Monday, February 2, 2015

Small Errors

In the blog post "Efficiency and Completion Time," I discussed how long we can realistically take to complete a given amount of a task. I was reminded of that discussion, along with the years of experience that backed it up, as I tried to complete the task of publishing my latest book, and as I continued my search for a source of income that could meet both my personal and global responsibilities.

I chose to self-publish the book because I felt it was critical to get its contents into the public eye as soon as possible, instead of another two years if I could go through a publisher. I estimated it would comfortably take a month to complete the text, edit it, and do the cover art myself. In retrospect, I fell into the same trap I warned about in the blog post: my estimate turned out to be the optimistic value, and, as would be expected, I ended up taking almost exactly three times as long to achieve successful completion. I realized that this was due, in part, to a focus on content more than form, which except for a few tweaks was actually complete in that first month.

After several months of peddling my résumé to recruiters and companies as part of an ongoing job search, I discovered a one-word error that was an extremely small fraction (an eighth of a percent) of total word count, and as such had understandably escaped notice during multiple readings by me and many others, apparently without consequence.

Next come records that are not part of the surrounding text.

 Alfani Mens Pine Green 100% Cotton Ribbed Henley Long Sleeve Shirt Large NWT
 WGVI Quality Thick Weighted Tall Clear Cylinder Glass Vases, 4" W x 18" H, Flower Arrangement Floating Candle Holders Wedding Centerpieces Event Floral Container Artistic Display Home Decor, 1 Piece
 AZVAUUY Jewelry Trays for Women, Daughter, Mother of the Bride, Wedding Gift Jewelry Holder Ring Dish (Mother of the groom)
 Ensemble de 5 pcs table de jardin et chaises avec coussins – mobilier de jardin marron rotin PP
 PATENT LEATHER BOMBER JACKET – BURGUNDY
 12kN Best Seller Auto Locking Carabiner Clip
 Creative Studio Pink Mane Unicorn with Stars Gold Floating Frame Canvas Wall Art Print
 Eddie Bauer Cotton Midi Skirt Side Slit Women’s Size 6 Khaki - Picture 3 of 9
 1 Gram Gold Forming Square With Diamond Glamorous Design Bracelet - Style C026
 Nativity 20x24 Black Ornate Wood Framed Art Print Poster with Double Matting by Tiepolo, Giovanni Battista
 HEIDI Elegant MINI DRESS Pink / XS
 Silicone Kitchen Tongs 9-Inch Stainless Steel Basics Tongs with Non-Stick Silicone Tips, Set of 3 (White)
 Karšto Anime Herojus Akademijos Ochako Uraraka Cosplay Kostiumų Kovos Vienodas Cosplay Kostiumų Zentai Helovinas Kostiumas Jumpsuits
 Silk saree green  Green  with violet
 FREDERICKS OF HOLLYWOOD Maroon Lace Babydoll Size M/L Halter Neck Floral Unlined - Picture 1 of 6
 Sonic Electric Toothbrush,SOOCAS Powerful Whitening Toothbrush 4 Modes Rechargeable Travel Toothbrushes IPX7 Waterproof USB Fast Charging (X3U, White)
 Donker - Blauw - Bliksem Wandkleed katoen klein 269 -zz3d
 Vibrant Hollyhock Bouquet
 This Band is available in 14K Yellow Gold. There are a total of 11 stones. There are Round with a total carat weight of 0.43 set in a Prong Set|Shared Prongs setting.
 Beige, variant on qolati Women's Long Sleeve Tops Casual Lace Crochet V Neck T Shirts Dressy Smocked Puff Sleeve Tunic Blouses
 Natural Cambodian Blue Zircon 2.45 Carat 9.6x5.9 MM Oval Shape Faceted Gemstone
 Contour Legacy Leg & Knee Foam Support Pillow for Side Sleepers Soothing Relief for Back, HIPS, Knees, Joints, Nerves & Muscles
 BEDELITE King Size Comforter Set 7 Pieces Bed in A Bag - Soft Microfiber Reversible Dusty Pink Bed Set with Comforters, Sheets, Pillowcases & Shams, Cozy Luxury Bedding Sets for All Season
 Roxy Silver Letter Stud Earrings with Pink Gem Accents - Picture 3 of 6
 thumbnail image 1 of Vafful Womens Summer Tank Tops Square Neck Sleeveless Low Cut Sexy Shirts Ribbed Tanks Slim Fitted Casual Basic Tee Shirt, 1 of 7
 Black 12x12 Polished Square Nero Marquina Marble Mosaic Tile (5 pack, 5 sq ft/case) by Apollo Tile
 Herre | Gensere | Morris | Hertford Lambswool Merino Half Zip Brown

Because it was small, I wasn't surprised that it was found by accident; in my experience, that's where unchallenged assumptions, the things no one is looking for and thus potentially the most impactful, tend to get exposed and tested (which is why it's good to spend some time "playing," independent of planned exercises).

My sensitivity to even the smallest errors has been heightened by thinking and studying about the consequences of the phenomenon of "feedback," where direct or indirect results of an action can change one or more sources of the action, and lead to complex and counterintuitive consequences. Most of my formal experience with feedback has involved electronic systems, but I've been recently learning about human ecology, which attempts to describe and understand the interaction between people and ecosystems, and uses similar principles to do so. The existential threats humanity now faces, which have been a preoccupation of mine in the years since I started looking for practical applications of a value system based on maximizing life (especially ours), stem from many feedbacks in our interactions with each other and the rest of Nature. Focusing on a limited range of objectives and impacts while yielding increasing power over the world has left a lot of "small errors" to multiply their effects through mechanisms were are barely aware of, if at all, to a point that we are now feeling their cumulative and typically negative effects. This awareness has driven me to be more careful in how I choose to work, at least while I can (detours remain a real possibility), and to responsibly play as much as possible along the way.